Horizontal solute absorption

Absorption of a NO₃^– solution by the soil was measured in horizontal columns between 17 and 50 cm in length depending on absorption periods. The air dry soil was moistened before packing into the columns. Columns were packed (using a drop hammer) with relatively dry soil (water content 0.15 g g⁻¹) in two to three g increments to achieve a bulk density of close to 1.03 g cm⁻³, which is similar to that measured in the field. Using a Mariotte bottle, a 110 µmol_c cm⁻³ NO₃^– solution was applied to the inlet of the soil column at zero suction. The outlet of the column remained open, tamped with cotton wool to hold the soil in place. Flow was stopped at set times and the column divided into sections that ranged from 1 to 2.5 cm. Short sections were place near the wetting front to provide an accurate measure of the solute and water contents in this area. The soil sections were transferred to tubes and weighed to determine moist weight.

Two types of column experiments were conducted, and are referred to as Set A and Set B. Each individual experiment in both Set A and Set B used a freshly prepared soil column. Set A consisted of five experiments with infiltration times of 26, 30, 43, 47, and 70 min. In these experiments, water-soluble NO₃^– vs distance in the column was determined by adding deionised water to each column section to make a soil-to-water ratio of 1:5.5 (SD ± 0.4). The soil plus water was weighed. Samples were shaken for 4 h in an end-over-end shaker, centrifuged at 9,800 m s⁻² for 10 min, and the supernatant decanted and weighed. The soil remaining in the tubes was also weighed.

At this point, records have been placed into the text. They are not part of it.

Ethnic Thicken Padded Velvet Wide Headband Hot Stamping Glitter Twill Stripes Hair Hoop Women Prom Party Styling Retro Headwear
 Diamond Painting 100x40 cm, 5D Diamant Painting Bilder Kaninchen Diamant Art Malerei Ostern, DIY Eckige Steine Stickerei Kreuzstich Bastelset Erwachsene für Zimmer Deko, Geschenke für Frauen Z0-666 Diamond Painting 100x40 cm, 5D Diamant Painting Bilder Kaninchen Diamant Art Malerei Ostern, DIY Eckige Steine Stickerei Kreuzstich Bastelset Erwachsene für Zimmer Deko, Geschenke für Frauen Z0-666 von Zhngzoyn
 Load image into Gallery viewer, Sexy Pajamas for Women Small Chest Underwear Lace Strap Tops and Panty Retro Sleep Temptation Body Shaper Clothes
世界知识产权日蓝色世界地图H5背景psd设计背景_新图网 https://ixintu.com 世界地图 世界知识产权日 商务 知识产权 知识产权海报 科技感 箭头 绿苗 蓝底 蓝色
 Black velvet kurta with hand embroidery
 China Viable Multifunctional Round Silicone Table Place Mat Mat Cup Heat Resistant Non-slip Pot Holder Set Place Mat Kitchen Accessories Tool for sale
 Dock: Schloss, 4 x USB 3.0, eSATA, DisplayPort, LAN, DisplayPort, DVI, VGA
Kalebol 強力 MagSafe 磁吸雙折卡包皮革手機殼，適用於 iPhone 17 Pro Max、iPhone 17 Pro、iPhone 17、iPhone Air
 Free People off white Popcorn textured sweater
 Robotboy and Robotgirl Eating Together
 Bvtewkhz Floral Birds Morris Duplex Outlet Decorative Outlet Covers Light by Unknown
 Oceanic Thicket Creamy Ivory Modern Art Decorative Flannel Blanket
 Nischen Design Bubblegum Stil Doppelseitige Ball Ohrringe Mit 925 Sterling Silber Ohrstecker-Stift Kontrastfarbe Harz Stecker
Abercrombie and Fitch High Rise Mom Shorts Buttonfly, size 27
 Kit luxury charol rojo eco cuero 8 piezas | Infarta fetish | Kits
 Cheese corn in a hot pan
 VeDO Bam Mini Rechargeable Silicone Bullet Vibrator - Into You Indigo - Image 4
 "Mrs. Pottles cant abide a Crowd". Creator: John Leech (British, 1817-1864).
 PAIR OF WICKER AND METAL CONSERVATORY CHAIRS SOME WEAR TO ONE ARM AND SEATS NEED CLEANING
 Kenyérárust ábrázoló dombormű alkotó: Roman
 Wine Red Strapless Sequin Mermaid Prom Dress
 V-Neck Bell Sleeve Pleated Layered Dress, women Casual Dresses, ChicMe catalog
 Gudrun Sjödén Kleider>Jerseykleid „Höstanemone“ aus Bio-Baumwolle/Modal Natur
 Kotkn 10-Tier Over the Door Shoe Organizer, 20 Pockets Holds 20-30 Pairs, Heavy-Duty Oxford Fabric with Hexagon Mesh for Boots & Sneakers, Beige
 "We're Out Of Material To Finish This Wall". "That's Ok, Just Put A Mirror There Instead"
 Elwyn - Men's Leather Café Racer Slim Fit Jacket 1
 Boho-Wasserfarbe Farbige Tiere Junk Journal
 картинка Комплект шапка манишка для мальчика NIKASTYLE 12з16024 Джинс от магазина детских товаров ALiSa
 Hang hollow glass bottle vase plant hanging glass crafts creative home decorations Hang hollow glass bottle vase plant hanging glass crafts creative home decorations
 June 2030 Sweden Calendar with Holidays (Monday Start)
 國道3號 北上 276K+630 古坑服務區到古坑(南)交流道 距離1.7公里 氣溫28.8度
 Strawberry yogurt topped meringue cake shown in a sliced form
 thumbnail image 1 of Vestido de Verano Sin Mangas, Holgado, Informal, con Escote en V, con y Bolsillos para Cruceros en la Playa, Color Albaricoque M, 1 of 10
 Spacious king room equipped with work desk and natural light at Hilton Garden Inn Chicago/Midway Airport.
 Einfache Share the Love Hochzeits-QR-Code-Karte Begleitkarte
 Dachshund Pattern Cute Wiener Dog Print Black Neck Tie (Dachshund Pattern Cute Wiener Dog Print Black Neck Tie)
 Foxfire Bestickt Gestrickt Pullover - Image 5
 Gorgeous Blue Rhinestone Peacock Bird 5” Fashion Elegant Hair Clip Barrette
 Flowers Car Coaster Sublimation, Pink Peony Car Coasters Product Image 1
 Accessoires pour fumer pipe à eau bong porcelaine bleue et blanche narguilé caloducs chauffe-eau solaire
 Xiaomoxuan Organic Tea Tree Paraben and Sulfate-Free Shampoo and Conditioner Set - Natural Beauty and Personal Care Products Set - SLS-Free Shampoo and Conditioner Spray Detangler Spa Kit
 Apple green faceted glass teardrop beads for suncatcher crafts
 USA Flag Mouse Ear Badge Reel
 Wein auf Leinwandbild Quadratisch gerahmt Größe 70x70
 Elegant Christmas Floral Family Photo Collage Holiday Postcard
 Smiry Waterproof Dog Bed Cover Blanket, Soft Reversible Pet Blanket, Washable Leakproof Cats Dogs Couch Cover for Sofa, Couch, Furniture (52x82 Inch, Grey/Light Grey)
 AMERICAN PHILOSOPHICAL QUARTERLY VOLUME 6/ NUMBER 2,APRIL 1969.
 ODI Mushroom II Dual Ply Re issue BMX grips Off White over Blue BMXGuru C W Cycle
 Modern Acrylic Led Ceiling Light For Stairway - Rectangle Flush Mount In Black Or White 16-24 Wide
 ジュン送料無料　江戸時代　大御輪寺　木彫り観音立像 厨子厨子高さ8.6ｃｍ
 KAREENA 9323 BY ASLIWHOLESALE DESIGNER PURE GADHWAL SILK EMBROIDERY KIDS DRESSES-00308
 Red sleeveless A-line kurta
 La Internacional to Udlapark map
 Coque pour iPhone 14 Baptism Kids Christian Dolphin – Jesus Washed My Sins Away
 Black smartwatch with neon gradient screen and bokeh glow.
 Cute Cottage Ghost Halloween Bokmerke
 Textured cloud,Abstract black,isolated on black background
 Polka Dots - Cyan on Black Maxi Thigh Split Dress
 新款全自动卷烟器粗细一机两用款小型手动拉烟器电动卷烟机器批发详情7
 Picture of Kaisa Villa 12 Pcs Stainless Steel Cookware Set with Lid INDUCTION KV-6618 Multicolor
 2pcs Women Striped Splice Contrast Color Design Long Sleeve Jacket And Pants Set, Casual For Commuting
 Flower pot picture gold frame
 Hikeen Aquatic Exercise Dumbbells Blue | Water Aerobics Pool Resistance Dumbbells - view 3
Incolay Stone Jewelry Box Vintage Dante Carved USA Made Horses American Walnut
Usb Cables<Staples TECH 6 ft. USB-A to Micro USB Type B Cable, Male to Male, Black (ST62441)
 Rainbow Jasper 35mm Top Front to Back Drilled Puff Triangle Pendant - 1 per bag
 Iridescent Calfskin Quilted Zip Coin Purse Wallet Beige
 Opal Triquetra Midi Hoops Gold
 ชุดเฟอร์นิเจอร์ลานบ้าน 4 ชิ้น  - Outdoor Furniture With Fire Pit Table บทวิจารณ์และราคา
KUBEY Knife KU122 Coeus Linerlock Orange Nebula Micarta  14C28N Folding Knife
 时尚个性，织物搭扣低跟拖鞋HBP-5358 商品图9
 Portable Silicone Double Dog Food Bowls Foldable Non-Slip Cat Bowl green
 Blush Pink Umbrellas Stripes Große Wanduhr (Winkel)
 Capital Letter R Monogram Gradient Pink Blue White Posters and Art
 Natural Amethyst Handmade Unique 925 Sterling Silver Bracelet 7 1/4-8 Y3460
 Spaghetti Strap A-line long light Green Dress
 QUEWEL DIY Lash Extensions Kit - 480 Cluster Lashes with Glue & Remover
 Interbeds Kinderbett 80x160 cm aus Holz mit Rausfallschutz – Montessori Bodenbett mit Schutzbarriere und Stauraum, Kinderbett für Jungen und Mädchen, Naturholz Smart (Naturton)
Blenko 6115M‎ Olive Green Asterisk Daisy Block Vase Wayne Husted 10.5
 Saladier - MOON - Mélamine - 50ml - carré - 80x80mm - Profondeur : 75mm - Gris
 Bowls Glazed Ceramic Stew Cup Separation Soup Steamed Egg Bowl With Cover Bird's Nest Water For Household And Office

Set B involved four columns with absorption times for two of 80 and 320 min for the others. Duplicate columns in this series were either (i) extracted as in Set A or (ii) the soil solution was extracted using the TFE method described by Phillips & Bond (1989). The adsorbed NO₃^– was extracted by adding a volume of 2M KCl to form a 1:5.5 (SD ± 0.5) soil:solution ratio (Rayment & Higginson, 1992).

The tubes were reweighed and shaken for 1 h to extract adsorbed NO₃^–. The soil plus 2M KCl samples were centrifuged at 9,800 m s⁻² for 10 min, and the supernatant decanted in preweighed falcon tubes and weighed. The soil remaining in the tubes was washed twice by shaking for 30 min in 20 cm³ deionised water to remove residual salts. The tubes were centrifuged at 9,800 m s⁻² for 10 min and the wash solution discarded. The washed soil was oven-dried at 105 °C and weighed to give the oven-dry mass of soil in each section. Water and KCl extracts were analysed for NO₃^––N on an Alpkem autoanalyser (Alpkem, 1992).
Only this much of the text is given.